▶ **Excerpted data**

============================================================

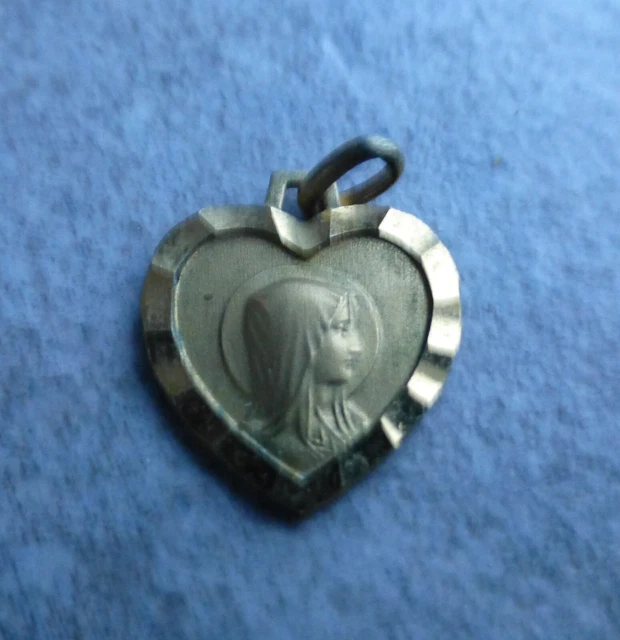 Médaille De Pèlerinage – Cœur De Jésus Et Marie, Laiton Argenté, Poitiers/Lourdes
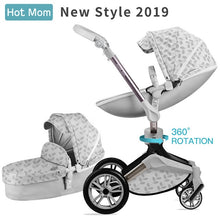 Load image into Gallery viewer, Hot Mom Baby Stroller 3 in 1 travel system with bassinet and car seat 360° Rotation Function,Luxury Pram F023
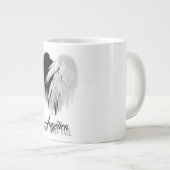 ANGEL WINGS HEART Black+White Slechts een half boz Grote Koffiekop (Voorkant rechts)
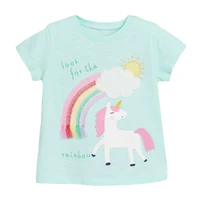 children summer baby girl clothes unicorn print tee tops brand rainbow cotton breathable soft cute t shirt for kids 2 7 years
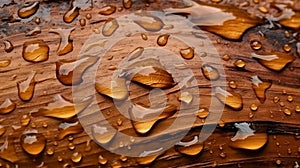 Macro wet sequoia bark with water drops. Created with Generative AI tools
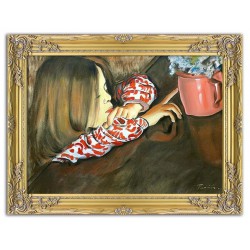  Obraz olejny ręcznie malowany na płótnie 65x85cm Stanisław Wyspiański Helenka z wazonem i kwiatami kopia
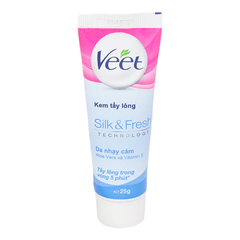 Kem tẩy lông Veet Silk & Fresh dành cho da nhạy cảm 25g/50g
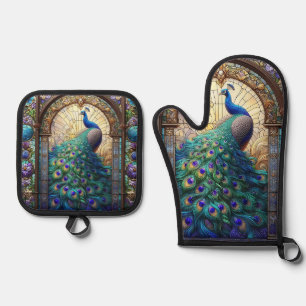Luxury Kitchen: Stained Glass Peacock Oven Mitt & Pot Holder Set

============================================================

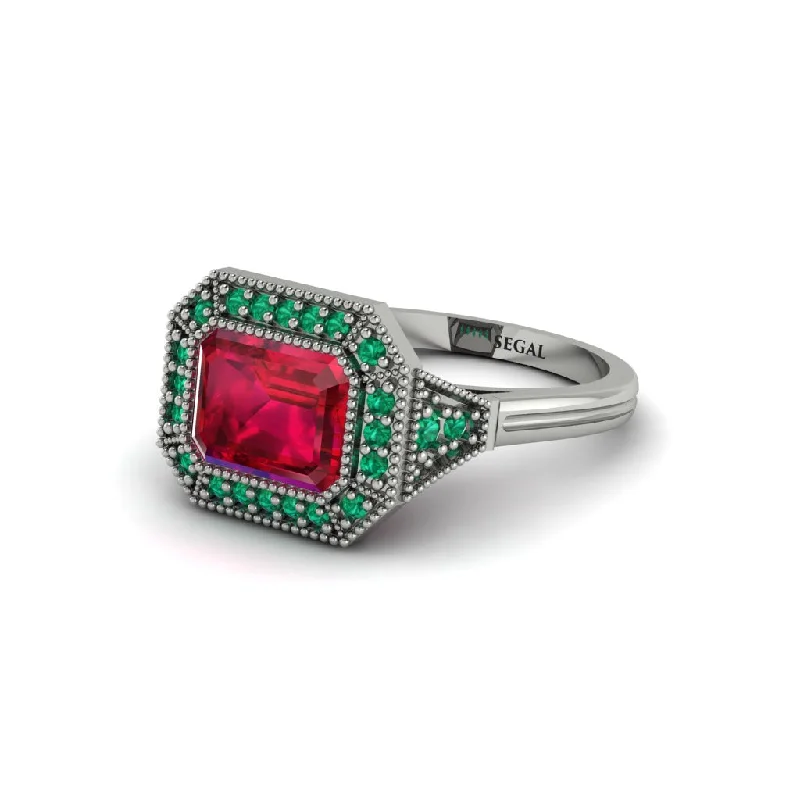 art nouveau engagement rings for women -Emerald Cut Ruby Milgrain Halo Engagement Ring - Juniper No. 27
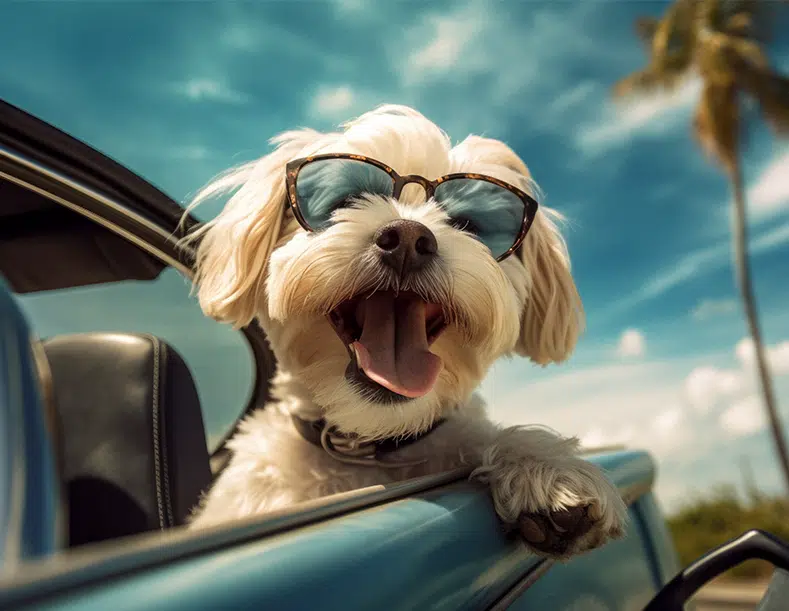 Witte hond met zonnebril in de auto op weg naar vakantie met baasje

============================================================

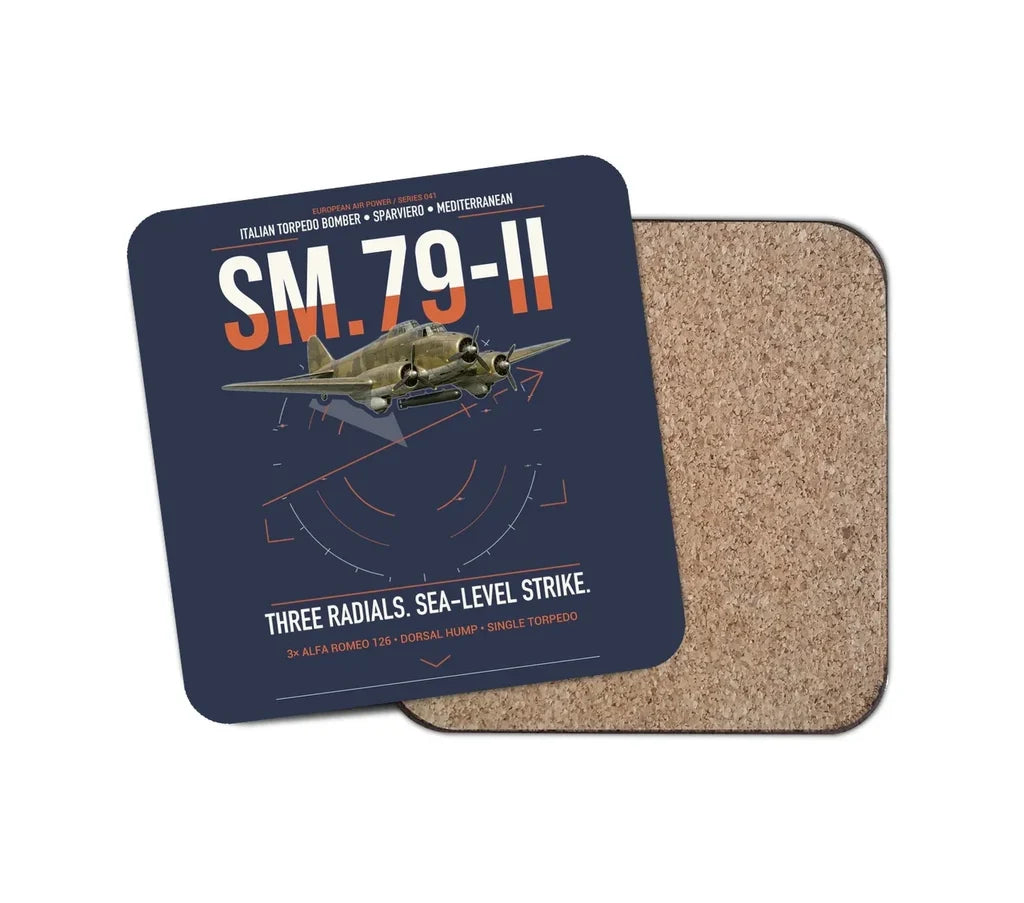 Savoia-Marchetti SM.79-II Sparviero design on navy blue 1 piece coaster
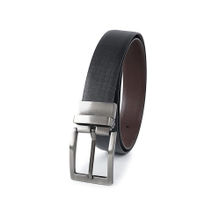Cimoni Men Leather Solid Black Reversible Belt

============================================================

▶ **Required work**
Output exactly the lines above that lie between the line with "Médaille De Pèlerinage" and the line with "Luxury Kitchen: Stained", those two lines included, and no pictures.

▶ **Answer to this task**
 Médaille De Pèlerinage – Cœur De Jésus Et Marie, Laiton Argenté, Poitiers/Lourdes
 Load image into Gallery viewer, Hot Mom Baby Stroller 3 in 1 travel system with bassinet and car seat 360° Rotation Function,Luxury Pram F023
 ANGEL WINGS HEART Black+White Slechts een half boz Grote Koffiekop (Voorkant rechts)
 children summer baby girl clothes unicorn print tee tops brand rainbow cotton breathable soft cute t shirt for kids 2 7 years
 Macro wet sequoia bark with water drops. Created with Generative AI tools
  Obraz olejny ręcznie malowany na płótnie 65x85cm Stanisław Wyspiański Helenka z wazonem i kwiatami kopia
 Kem tẩy lông Veet Silk & Fresh dành cho da nhạy cảm 25g/50g
Luxury Kitchen: Stained Glass Peacock Oven Mitt & Pot Holder Set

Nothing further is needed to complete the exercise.